Ana, 38 años, Sevilla: la cámara que le devolvió la calma
“Al principio me daba reparo reconocerlo, pero tenía miedo de que entraran en casa mientras no estaba. Trabajo viajando, y las ausencias largas me angustiaban. Un día, hablando con una amiga, me recomendó instalar una cámara interior conectada al móvil. Fue un cambio enorme. Puedo mirar en cualquier momento y saber que todo está en orden. Incluso cuando estoy en otro país, basta con abrir la app. Parece una tontería, pero me siento tranquila de nuevo.”
Ana descubrió que la tecnología no solo le daba control, sino también confianza para mantener su estilo de vida. “La soledad no me asusta, lo que me asustaba era la sensación de estar desprotegida. Ahora tengo una herramienta que me recuerda que soy dueña de mi espacio.”
Laura, 50 años, Barcelona: una cerradura invisible para dormir mejor
Para Laura, el cambio fue sencillo pero determinante. “Vivía con la preocupación de que alguien pudiera forzar la puerta, sobre todo de noche. Un cerrajero me habló de la cerradura invisible: se instala por dentro y solo se abre con un mando a distancia. No fue caro y desde entonces duermo mucho más tranquila.”

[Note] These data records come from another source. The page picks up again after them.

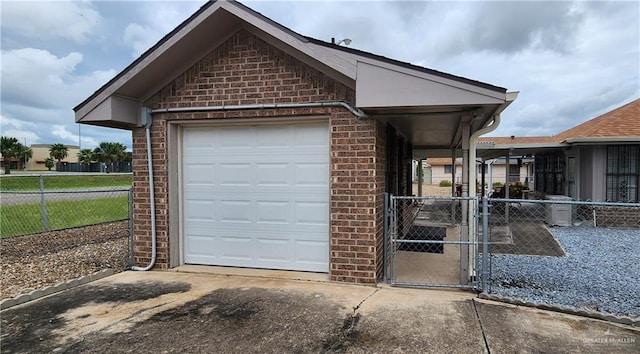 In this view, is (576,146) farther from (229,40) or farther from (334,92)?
(229,40)

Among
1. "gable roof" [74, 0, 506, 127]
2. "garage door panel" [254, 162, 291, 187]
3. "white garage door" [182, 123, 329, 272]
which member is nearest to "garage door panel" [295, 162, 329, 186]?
"white garage door" [182, 123, 329, 272]

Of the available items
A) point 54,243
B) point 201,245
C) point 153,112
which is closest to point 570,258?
point 201,245

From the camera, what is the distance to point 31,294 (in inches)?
182

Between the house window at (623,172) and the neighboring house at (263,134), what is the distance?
8952 mm

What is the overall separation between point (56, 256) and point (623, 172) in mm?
14976

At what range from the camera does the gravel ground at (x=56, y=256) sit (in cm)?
552

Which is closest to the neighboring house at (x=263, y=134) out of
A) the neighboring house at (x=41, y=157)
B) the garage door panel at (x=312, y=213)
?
the garage door panel at (x=312, y=213)

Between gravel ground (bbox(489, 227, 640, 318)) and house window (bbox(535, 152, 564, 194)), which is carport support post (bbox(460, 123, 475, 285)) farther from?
house window (bbox(535, 152, 564, 194))

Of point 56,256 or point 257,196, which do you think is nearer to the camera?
point 257,196

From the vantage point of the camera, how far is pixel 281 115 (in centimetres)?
532

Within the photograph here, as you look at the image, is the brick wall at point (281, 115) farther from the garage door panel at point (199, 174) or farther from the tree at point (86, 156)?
the tree at point (86, 156)

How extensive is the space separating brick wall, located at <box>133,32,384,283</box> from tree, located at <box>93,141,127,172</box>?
61.7m

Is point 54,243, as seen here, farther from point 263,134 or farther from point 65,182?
point 65,182

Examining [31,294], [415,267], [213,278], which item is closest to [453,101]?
[415,267] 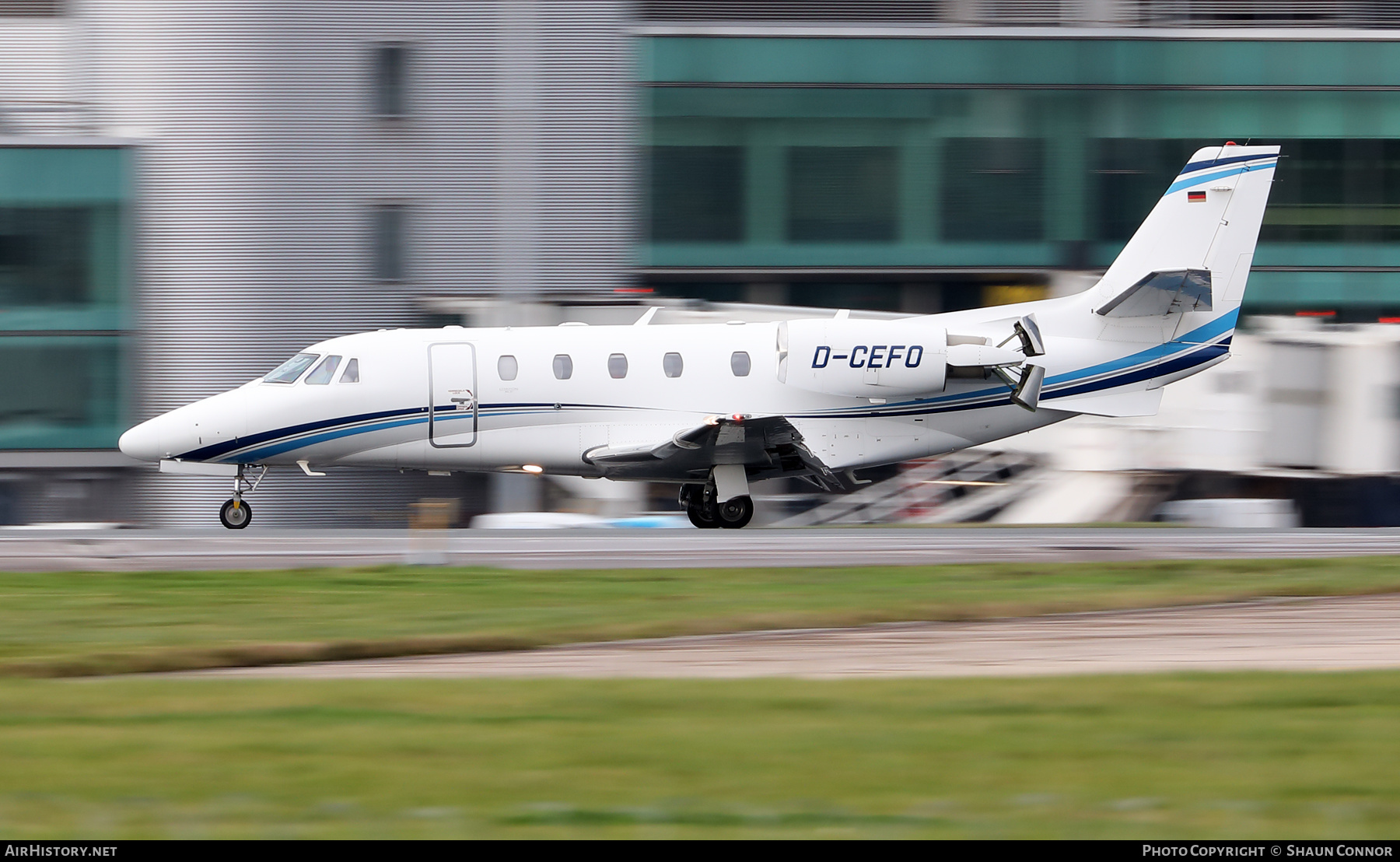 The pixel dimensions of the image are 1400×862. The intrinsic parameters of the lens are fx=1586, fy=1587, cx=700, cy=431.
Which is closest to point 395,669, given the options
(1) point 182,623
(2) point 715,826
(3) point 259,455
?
(1) point 182,623

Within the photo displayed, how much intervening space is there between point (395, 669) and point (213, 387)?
2069 centimetres

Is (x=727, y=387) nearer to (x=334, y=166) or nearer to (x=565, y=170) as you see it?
(x=565, y=170)

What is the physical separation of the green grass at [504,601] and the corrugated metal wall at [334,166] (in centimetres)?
1499

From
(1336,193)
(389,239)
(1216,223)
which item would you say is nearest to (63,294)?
(389,239)

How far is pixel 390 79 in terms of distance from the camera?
101ft

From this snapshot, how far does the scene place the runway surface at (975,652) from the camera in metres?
10.8

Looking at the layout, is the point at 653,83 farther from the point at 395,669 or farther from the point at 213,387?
the point at 395,669

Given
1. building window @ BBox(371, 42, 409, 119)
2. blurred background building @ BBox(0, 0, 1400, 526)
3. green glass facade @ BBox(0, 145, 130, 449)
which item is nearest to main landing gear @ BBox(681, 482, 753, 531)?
blurred background building @ BBox(0, 0, 1400, 526)

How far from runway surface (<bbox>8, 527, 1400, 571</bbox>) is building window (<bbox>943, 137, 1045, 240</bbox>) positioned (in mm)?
10261

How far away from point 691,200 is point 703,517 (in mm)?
10296

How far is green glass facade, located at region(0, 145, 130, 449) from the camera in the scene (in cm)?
2956

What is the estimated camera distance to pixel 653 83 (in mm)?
30359

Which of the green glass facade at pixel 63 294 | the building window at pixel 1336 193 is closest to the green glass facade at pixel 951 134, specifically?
the building window at pixel 1336 193

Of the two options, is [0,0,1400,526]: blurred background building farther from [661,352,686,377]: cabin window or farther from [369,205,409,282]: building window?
[661,352,686,377]: cabin window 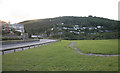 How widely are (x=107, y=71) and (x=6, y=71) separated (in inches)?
273

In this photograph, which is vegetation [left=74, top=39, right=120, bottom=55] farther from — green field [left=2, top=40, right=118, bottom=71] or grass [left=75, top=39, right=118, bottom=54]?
green field [left=2, top=40, right=118, bottom=71]

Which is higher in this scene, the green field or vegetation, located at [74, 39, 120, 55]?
the green field

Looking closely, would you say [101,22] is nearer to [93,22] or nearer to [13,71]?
[93,22]

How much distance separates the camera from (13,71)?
741 cm

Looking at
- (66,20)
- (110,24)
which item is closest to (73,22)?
(66,20)

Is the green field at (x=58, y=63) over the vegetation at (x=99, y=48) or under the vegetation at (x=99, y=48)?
over

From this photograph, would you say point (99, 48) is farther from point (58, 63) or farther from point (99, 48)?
point (58, 63)

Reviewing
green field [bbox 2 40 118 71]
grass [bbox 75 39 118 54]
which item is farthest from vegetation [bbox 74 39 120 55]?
green field [bbox 2 40 118 71]

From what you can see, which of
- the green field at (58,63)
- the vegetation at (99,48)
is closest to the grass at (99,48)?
the vegetation at (99,48)

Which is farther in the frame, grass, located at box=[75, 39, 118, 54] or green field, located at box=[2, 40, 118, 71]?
grass, located at box=[75, 39, 118, 54]

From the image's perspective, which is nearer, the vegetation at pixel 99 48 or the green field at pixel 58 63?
the green field at pixel 58 63

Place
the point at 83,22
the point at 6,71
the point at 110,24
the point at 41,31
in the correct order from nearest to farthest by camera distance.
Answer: the point at 6,71 → the point at 41,31 → the point at 110,24 → the point at 83,22

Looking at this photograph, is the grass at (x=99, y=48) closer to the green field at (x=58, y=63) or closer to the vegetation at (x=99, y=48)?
the vegetation at (x=99, y=48)

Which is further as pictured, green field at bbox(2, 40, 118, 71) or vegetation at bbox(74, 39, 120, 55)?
vegetation at bbox(74, 39, 120, 55) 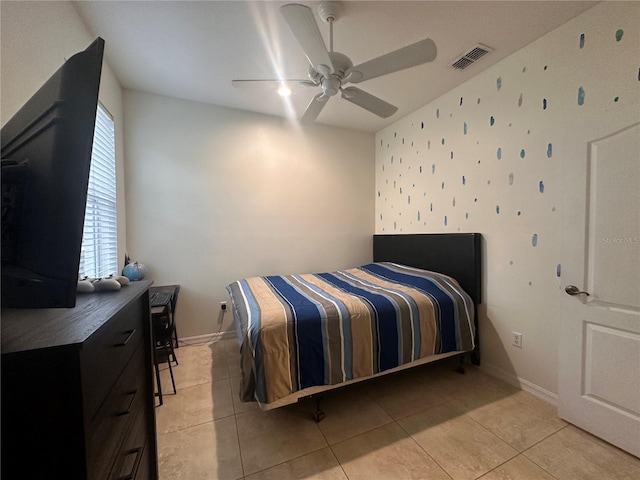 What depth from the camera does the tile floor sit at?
1.42m

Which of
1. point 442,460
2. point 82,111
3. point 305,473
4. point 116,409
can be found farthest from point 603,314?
point 82,111

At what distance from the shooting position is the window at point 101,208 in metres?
2.00

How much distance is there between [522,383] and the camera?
7.00ft

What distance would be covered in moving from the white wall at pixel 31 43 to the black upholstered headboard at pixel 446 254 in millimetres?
3155

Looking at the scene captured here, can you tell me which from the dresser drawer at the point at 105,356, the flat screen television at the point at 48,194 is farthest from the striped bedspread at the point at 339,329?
the flat screen television at the point at 48,194

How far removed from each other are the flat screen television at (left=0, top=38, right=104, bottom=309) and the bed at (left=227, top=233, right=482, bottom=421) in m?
1.10

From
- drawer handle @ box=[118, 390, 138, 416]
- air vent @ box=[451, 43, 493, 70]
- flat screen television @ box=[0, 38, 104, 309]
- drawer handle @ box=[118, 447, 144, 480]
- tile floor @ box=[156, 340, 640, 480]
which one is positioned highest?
air vent @ box=[451, 43, 493, 70]

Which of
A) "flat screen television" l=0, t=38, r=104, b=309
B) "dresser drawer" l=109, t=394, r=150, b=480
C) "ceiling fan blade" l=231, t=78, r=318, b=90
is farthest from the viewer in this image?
"ceiling fan blade" l=231, t=78, r=318, b=90

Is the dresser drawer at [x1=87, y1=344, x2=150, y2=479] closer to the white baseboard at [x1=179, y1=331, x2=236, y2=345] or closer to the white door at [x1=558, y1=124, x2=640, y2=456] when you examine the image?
the white baseboard at [x1=179, y1=331, x2=236, y2=345]

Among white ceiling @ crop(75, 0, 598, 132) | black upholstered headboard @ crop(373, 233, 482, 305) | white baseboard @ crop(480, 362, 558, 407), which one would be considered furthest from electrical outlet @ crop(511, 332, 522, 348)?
white ceiling @ crop(75, 0, 598, 132)

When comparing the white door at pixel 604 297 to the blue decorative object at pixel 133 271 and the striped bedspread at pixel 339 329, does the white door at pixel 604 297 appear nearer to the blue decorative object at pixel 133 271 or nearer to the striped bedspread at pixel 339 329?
the striped bedspread at pixel 339 329

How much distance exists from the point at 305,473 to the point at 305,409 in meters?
0.50

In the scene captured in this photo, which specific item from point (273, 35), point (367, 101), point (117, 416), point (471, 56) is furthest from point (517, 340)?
point (273, 35)

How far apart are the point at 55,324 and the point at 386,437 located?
181cm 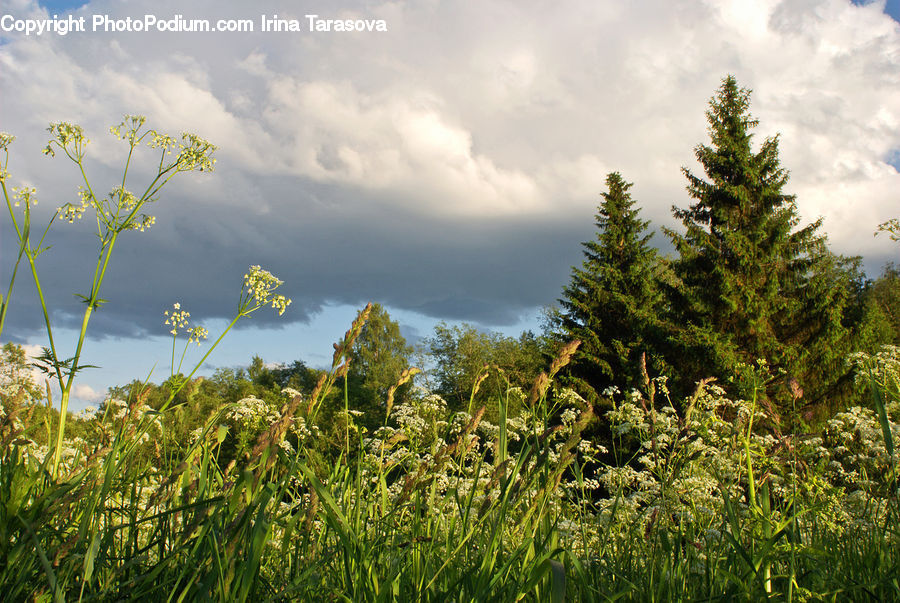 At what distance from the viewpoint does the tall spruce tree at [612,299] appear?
2808 cm

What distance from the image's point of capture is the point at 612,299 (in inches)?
1188

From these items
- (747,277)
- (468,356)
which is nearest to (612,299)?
(747,277)

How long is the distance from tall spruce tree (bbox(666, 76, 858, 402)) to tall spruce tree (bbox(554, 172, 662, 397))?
118 inches

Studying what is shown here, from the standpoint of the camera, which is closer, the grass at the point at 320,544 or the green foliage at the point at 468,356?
the grass at the point at 320,544

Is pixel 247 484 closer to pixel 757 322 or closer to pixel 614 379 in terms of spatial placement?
pixel 757 322

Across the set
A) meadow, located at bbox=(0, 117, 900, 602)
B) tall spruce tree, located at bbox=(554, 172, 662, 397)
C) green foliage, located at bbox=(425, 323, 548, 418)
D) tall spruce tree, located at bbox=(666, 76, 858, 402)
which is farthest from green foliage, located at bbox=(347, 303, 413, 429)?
meadow, located at bbox=(0, 117, 900, 602)

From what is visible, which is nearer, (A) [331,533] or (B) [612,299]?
(A) [331,533]

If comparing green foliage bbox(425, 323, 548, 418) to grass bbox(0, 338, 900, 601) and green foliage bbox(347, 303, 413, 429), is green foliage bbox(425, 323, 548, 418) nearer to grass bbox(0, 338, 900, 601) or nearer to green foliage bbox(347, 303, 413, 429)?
green foliage bbox(347, 303, 413, 429)

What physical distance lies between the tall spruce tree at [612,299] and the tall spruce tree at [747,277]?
300 centimetres

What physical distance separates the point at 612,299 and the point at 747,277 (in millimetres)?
7459

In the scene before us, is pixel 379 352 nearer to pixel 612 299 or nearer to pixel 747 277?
pixel 612 299

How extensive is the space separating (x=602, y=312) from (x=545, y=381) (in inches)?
1183

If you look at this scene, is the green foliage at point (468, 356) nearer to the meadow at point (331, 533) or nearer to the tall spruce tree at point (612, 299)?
the tall spruce tree at point (612, 299)

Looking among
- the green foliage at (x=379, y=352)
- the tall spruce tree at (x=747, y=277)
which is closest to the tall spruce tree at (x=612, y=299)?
the tall spruce tree at (x=747, y=277) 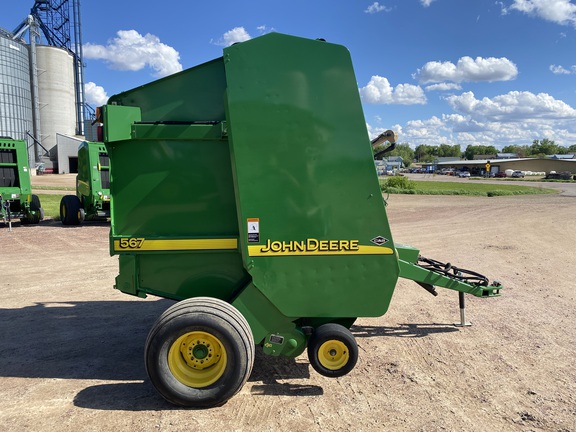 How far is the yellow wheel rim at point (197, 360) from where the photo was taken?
3.54 meters

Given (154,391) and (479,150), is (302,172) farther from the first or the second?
(479,150)

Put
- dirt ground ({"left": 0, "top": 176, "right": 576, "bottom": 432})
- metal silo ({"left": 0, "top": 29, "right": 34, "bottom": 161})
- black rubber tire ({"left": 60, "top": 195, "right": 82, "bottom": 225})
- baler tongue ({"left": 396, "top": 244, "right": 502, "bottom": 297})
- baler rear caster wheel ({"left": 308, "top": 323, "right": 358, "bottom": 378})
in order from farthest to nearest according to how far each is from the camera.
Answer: metal silo ({"left": 0, "top": 29, "right": 34, "bottom": 161})
black rubber tire ({"left": 60, "top": 195, "right": 82, "bottom": 225})
baler tongue ({"left": 396, "top": 244, "right": 502, "bottom": 297})
baler rear caster wheel ({"left": 308, "top": 323, "right": 358, "bottom": 378})
dirt ground ({"left": 0, "top": 176, "right": 576, "bottom": 432})

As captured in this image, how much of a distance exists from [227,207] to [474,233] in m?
11.3

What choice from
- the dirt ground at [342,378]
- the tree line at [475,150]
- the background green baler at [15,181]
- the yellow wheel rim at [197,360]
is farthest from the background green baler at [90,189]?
the tree line at [475,150]

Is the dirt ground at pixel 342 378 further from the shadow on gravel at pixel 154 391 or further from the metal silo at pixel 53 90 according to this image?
the metal silo at pixel 53 90

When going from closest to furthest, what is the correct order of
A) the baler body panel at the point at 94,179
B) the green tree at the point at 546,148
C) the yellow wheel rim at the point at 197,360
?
the yellow wheel rim at the point at 197,360
the baler body panel at the point at 94,179
the green tree at the point at 546,148

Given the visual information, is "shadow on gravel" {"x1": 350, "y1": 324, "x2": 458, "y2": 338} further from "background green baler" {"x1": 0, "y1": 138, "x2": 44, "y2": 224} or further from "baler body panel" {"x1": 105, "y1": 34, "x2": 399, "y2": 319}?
"background green baler" {"x1": 0, "y1": 138, "x2": 44, "y2": 224}

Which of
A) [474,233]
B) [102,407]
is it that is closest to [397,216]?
[474,233]

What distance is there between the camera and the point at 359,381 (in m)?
4.04

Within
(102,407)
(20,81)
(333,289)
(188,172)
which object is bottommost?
(102,407)

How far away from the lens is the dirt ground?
340cm

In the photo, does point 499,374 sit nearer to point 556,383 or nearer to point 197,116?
point 556,383

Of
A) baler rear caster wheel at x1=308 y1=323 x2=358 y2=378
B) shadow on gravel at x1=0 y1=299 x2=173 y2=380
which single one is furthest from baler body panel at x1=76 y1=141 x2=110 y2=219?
baler rear caster wheel at x1=308 y1=323 x2=358 y2=378

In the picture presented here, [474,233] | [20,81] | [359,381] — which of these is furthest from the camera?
[20,81]
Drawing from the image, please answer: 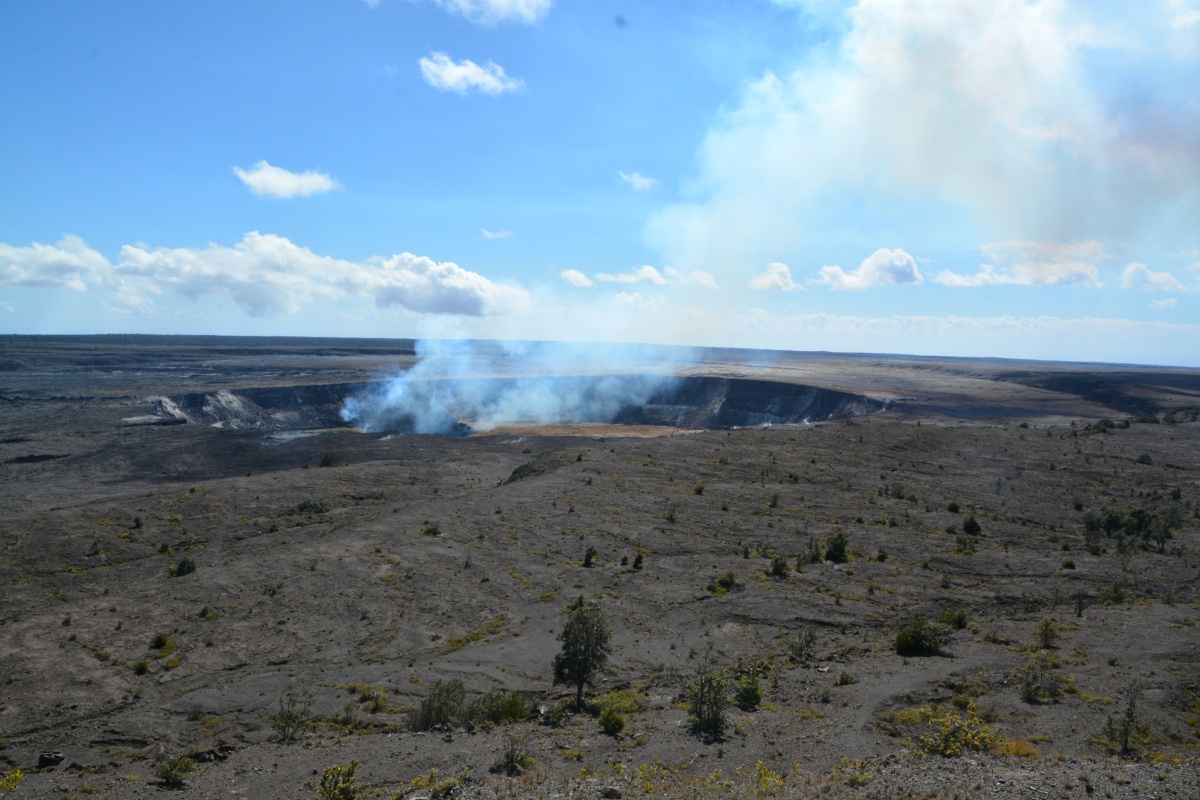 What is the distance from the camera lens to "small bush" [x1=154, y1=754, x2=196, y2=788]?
13680 mm

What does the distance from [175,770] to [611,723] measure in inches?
360

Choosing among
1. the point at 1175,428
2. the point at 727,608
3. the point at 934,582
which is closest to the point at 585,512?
the point at 727,608

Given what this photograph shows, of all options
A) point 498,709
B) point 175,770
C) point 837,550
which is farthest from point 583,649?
point 837,550

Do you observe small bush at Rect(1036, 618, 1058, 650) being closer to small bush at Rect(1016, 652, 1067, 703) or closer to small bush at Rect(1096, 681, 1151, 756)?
small bush at Rect(1016, 652, 1067, 703)

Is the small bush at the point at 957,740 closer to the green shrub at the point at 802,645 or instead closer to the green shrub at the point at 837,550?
the green shrub at the point at 802,645

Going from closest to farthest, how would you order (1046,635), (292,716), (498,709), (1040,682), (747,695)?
1. (292,716)
2. (498,709)
3. (747,695)
4. (1040,682)
5. (1046,635)

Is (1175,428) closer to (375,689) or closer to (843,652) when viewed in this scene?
(843,652)

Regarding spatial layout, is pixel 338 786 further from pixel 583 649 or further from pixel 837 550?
pixel 837 550

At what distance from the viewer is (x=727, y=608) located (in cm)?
2566

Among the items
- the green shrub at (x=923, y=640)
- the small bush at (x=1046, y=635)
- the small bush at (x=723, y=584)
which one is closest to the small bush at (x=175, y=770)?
the small bush at (x=723, y=584)

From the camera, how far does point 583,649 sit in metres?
18.9

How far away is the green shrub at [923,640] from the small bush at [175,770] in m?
19.3

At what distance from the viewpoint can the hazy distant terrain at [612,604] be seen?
14.8m

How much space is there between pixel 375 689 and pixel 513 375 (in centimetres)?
11284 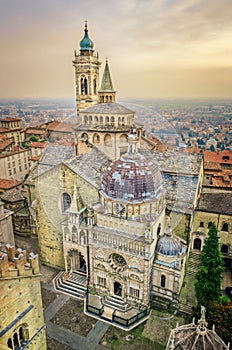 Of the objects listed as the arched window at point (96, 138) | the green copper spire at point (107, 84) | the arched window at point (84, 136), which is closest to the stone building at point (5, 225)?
the arched window at point (84, 136)

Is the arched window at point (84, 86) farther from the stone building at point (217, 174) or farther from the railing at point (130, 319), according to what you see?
the railing at point (130, 319)

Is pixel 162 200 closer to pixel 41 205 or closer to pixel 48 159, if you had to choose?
pixel 41 205

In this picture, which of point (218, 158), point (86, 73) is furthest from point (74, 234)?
point (218, 158)

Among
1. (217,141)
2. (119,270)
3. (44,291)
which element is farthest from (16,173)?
(217,141)

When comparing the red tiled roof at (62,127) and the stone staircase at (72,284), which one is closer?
the stone staircase at (72,284)

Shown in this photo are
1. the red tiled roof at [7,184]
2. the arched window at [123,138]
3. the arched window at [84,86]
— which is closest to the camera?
the arched window at [123,138]

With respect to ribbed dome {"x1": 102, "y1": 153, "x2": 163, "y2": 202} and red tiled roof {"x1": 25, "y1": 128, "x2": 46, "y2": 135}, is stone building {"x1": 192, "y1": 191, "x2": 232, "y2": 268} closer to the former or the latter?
ribbed dome {"x1": 102, "y1": 153, "x2": 163, "y2": 202}

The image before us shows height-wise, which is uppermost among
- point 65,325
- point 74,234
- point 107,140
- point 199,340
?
point 107,140

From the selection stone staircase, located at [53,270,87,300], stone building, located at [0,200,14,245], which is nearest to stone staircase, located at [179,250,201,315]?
stone staircase, located at [53,270,87,300]

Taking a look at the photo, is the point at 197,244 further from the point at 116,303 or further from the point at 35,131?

Este pequeño dispositivo, casi imperceptible desde fuera, le dio un plus de seguridad que convirtió su piso en un refugio. “No es vivir con miedo, es vivir con previsión. Y eso, al final, también es autocuidado.”
Bea, 42 años, Valencia: la fuerza de una comunidad invisible
En el caso de Bea, la solución no pasó por la tecnología, sino por las personas. “Me llevaba bien con mis vecinos del rellano, así que un día propuse crear un grupo de WhatsApp. Ahora, si alguien ve algo raro —un ruido extraño, una puerta entreabierta— lo comentamos al instante. Es como tener una red invisible alrededor de casa.”
Bea asegura que esta iniciativa no solo le aporta seguridad, sino también compañía. “Cuando vives sola, saber que no estás aislada marca la diferencia. No es depender de otros, es cuidarnos mutuamente.”
Tres caminos hacia una misma certeza
Las historias de Ana, Laura y Bea reflejan distintas formas de afrontar una misma necesidad: la seguridad en la vida independiente. Una cámara conectada, una cerradura invisible o un chat vecinal son soluciones muy distintas, pero todas tienen algo en común: convertir la soledad en un espacio protegido y elegido.
En el fondo, no se trata de blindar la casa, sino de blindar la tranquilidad. Porque vivir sola no debería significar vivir con miedo, sino con la confianza de que cada decisión —grande o pequeña— suma a tu bienestar.